In the tradition of Catholics, May is the Blessed Mother “Mary’s month.” As the resurrection of her son “Jesus” is celebrated in April, May brings with it new beginnings. “Jesus” wore a crown of thorns, but “Mary” will wear a crown of flowers depending on which Catholic Church you attend. The flowers will adorn a “Mary” Statues head in praise of her life and motherhood. The flowers also symbolize spring and the renewal of nature and each flower will represent the pure goodness and virtues of “Mary.” To further give thanks and praise to “Mother Mary” Catholic families will place a “Mary” statue amidst flowers in a corner of their house.
Why are flowers used instead of something else to decorate Blessed Mary’s head? There are herbs, twigs, leaves, and grasses that could just as easily be “Mary’s” crown or the set up for the Holy spot Mary will be placed in inside a families home. The ritual of flowers goes back centuries. The Romans used them to crown a May Queen in remembrance of the Goddess Flora who, as her name suggests, ruled over the flowers and their blossoms. It was observed in the remaining days of April and carried over through May 1st.
May 1st may be a holiday for bankers in England, but it used to be a time where neighbors gave each other flowers. Women of that period would use the early morning dew on May 1st to wash their faces.
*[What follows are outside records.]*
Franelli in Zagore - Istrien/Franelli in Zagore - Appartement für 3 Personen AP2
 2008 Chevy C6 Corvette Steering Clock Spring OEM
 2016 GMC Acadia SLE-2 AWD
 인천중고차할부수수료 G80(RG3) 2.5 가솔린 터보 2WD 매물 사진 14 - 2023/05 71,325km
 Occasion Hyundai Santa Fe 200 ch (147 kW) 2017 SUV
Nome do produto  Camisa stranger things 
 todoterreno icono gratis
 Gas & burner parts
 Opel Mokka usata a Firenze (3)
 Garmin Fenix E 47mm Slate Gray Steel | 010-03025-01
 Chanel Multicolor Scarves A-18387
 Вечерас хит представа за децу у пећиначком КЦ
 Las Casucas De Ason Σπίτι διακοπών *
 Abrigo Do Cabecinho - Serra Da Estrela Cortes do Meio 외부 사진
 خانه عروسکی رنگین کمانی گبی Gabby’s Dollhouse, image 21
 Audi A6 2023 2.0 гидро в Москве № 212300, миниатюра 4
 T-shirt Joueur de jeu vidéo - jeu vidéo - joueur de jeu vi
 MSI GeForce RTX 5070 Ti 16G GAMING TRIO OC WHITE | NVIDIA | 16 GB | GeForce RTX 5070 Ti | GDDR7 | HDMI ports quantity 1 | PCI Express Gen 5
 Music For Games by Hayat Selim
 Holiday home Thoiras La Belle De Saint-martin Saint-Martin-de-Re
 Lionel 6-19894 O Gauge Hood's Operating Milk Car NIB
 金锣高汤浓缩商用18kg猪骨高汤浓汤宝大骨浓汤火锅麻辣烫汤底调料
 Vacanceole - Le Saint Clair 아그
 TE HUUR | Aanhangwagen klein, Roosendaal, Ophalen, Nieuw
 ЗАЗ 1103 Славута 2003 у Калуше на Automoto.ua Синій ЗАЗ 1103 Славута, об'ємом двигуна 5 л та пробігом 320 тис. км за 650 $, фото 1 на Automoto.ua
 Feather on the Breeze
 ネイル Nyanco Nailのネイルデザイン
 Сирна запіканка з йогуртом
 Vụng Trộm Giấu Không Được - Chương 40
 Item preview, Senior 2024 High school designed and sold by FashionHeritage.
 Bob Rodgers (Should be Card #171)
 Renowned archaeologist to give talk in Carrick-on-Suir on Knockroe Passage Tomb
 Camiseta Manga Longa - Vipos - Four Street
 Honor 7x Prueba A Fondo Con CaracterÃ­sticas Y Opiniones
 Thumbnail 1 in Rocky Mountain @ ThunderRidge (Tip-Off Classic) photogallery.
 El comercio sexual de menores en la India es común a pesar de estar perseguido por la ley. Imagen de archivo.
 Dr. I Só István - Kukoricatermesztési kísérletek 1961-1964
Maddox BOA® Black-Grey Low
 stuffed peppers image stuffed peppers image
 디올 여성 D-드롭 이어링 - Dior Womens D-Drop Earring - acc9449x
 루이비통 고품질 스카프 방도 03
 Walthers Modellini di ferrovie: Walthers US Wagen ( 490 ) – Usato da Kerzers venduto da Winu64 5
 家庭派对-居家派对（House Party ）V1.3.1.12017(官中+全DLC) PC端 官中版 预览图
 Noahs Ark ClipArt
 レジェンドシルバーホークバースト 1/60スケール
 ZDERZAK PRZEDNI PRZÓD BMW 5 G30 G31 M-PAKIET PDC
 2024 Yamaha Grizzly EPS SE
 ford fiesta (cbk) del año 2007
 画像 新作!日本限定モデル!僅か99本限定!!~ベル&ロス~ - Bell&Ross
It was thought that this special dew would keep them young for a year.
In some countries it is customary to fill baskets with flowers, candy, and thoughtful well wishing notes. They are called May Baskets and are similar to Easter Baskets. Instead of being left by the Easter Bunny they are left behind by girls. The girls will put the May Baskets on a porch and knock on the door and then run away so the identity of the giver will remain unknown.
Ribbons around a Maypole are an active practice of May celebrations. People will dance in different directions around a tall pole weaving a design similar to a candy cane. Its not just May festivities of flower blossoms and games that created May as a month to Honor “Mother Mary,” but a combination of them all.
May 3rd marked a time during the Middle Ages to hold a customary feast of finding the Holy Cross. Dancing was included in the celebration. This local event might have been a turning point for the Catholic Church to put “Mary” into the picture. It wasn’t until later in 1264 that the “Songs of St. Mary” came into play when the King of Castille, Spain assigned certain days in May for “Mary.” After that, St. Philip Neri, 300 years later brought people together to praise “Mary” in song and floral beauty.